● **REQUIREMENT**
Write out again the lines from the line with "Blue Cross Professional" up to and including the line with "Brown Tissue Silk", exactly as they stand below, and skip any picture.

-.-.-

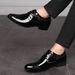 New Shiny Business Dress Leather Fashionable Casual Shoes, Men's Plus Size Lace Up, Wear-resistant And Breathable_vogvips.com
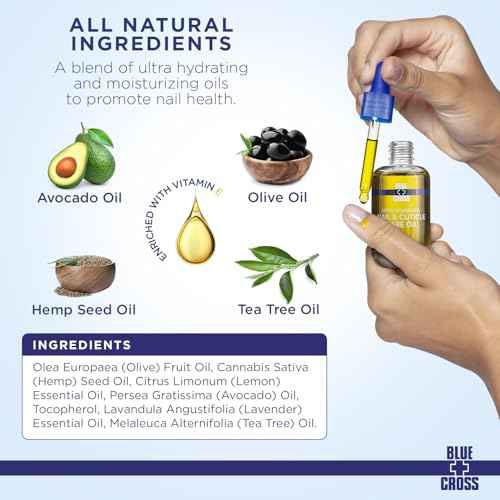 Blue Cross Professional Nail Care, All Natural Mineral Oil Free, Ultra-Nourishing, Hydrating, Moisturizing Nail & Cuticle Oil, Lemongrass + Lavender Scented Essential Oils, Made in USA, 0.5 fl oz/15mL
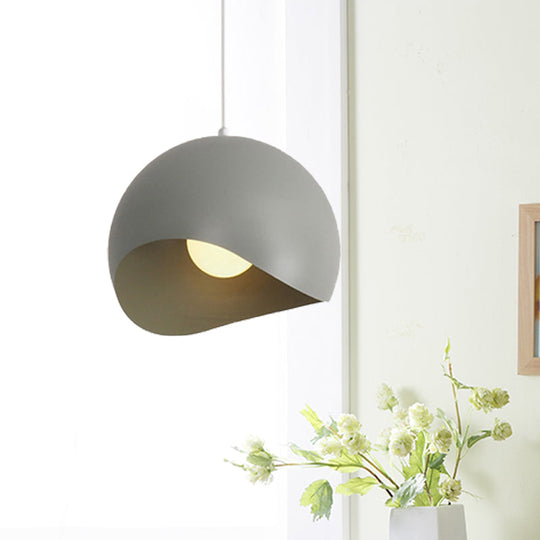 Waveforms Dome Pendant Lamp - Nordic Metal 8/12 1 Head Black/Gray Ceiling Lighting For Living Room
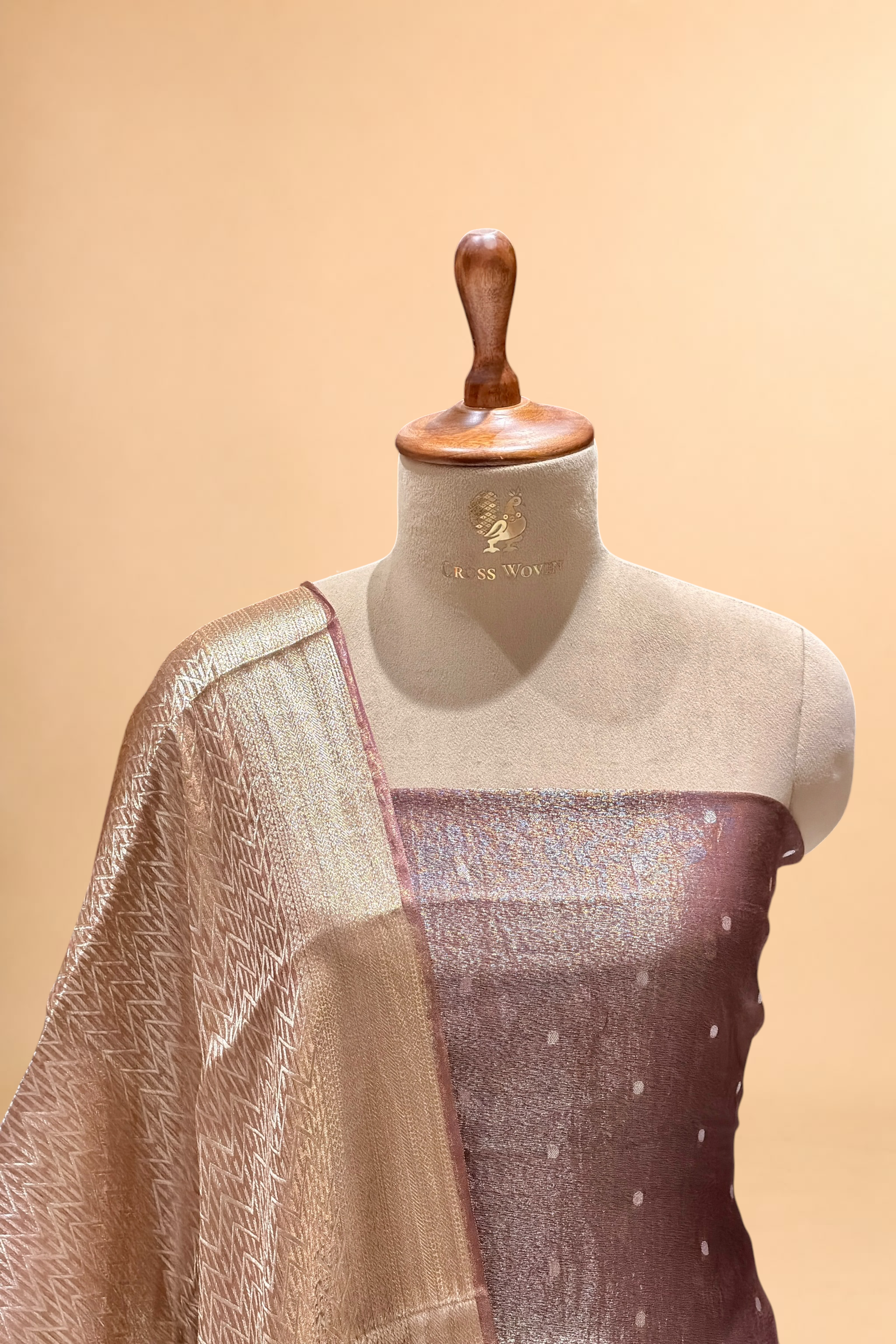 Brown Tissue Silk Suit Set with Brocade Dupatta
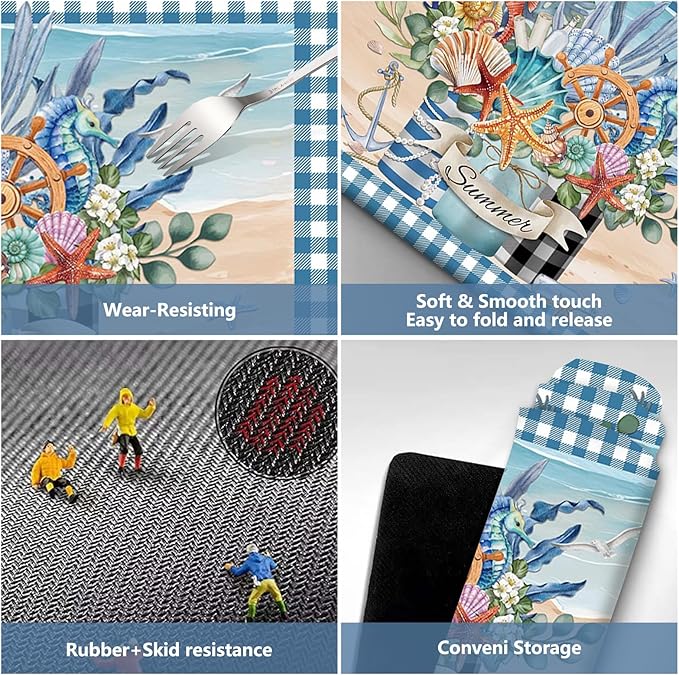 APROPHIC Summer Coastal Flower Bath Mat for Bathroom Decor, Ocean Seashell Buffalo Plaid Bathroom Rug Non-Slip Carpet, Absorbent Quick-Drying Floor Mat, Ultra-Thin Fit Under The Door,17x24 in, Blue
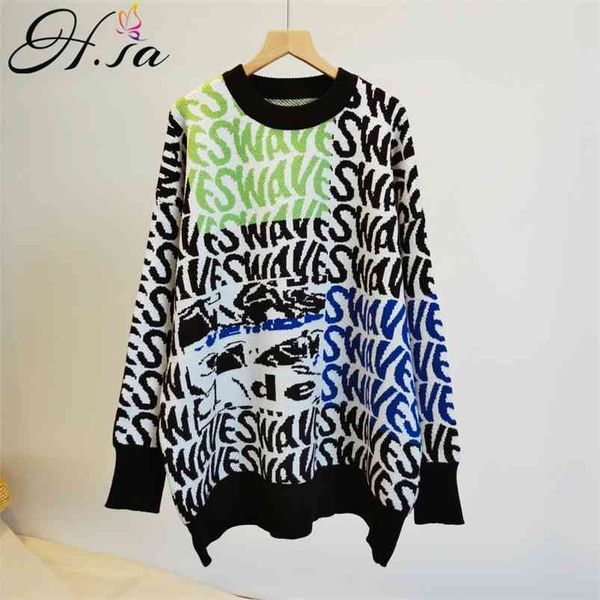 women casual sweater and pullovers letters knitted oversized thick warm long harajuku jumpers 210430, White;black
women casual sweater and pullovers letters knitted oversized thick warm long harajuku jumpers 210430, White;black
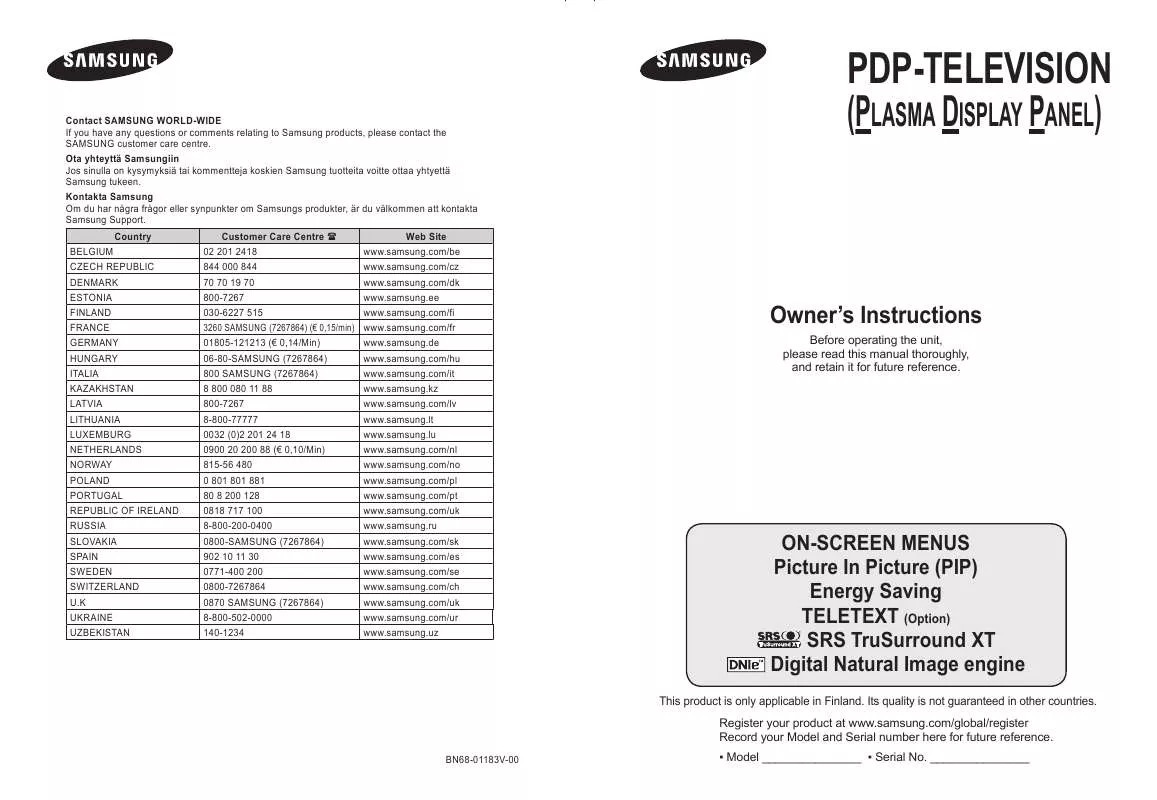 Mode d'emploi SAMSUNG PS-42C96HC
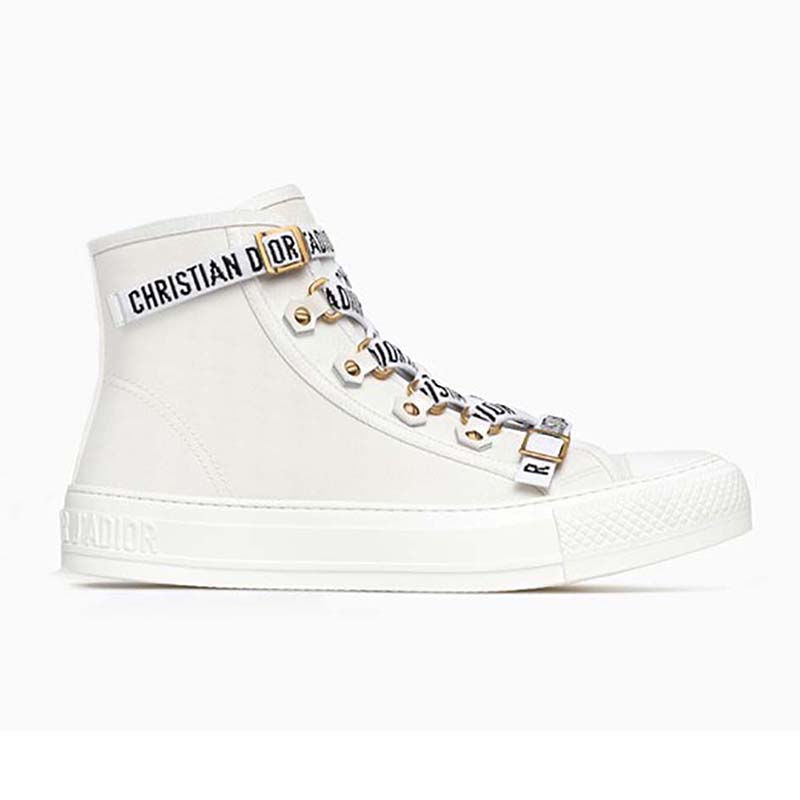 Side view of Dior Women Shoes High-Top Trainer in White Canvas-White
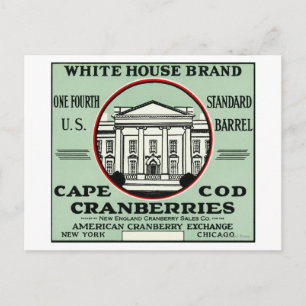 Cape Cod White House Brand Cranberry Label Vykort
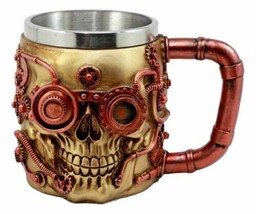 Golden Steampunk Detective Skull Coffee Mug Mechanical Gearwork Pipeline Design - £19.97 GBP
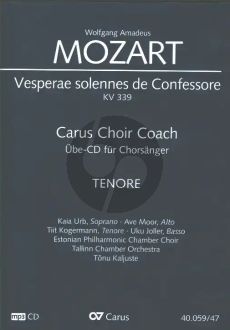 Mozart Vesperae Solennis de Confessore KV 339 Tenor Chorstimme MP3-CD (Carus Choir Coach)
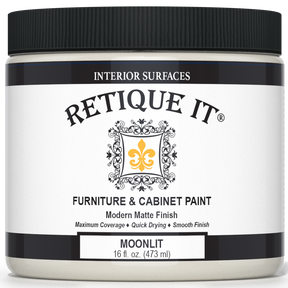 Retique It Furniture & Cabinet Paint in Moonlit, 16 fl. oz. jar with a black lid and modern matte finish label.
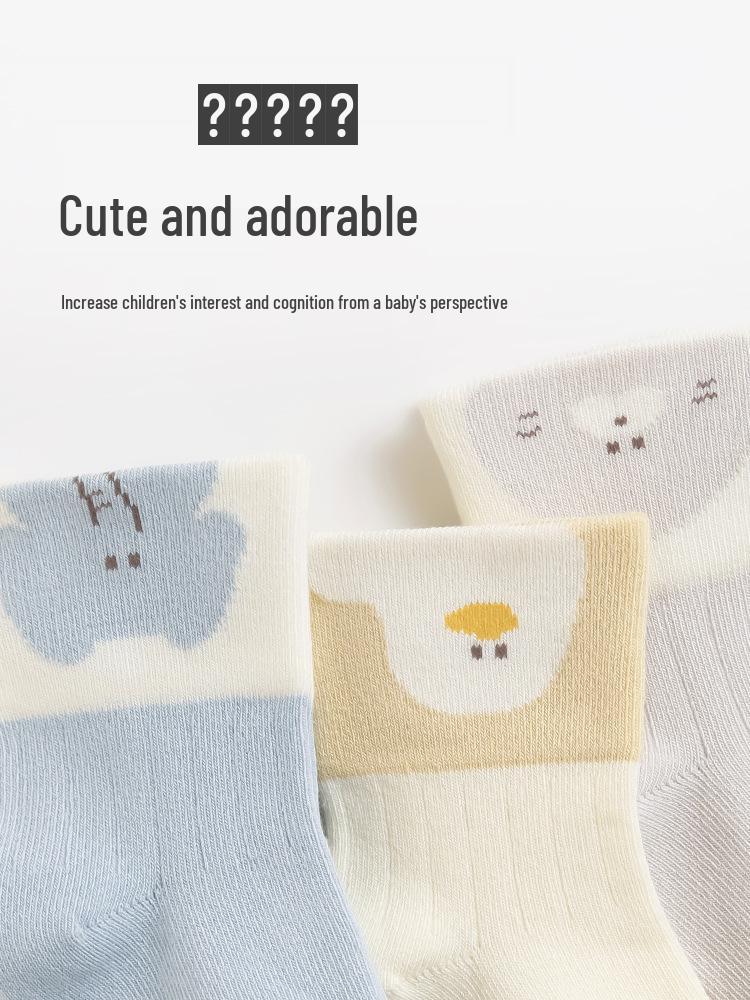 Newborn Cute Cartoon Baby Socks - Seamless Ribbed Cotton for Spring & Autumn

-.-.-

● **EXERCISE OUTPUT**
 Blue Cross Professional Nail Care, All Natural Mineral Oil Free, Ultra-Nourishing, Hydrating, Moisturizing Nail & Cuticle Oil, Lemongrass + Lavender Scented Essential Oils, Made in USA, 0.5 fl oz/15mL
 Waveforms Dome Pendant Lamp - Nordic Metal 8/12 1 Head Black/Gray Ceiling Lighting For Living Room
 Brown Tissue Silk Suit Set with Brocade Dupatta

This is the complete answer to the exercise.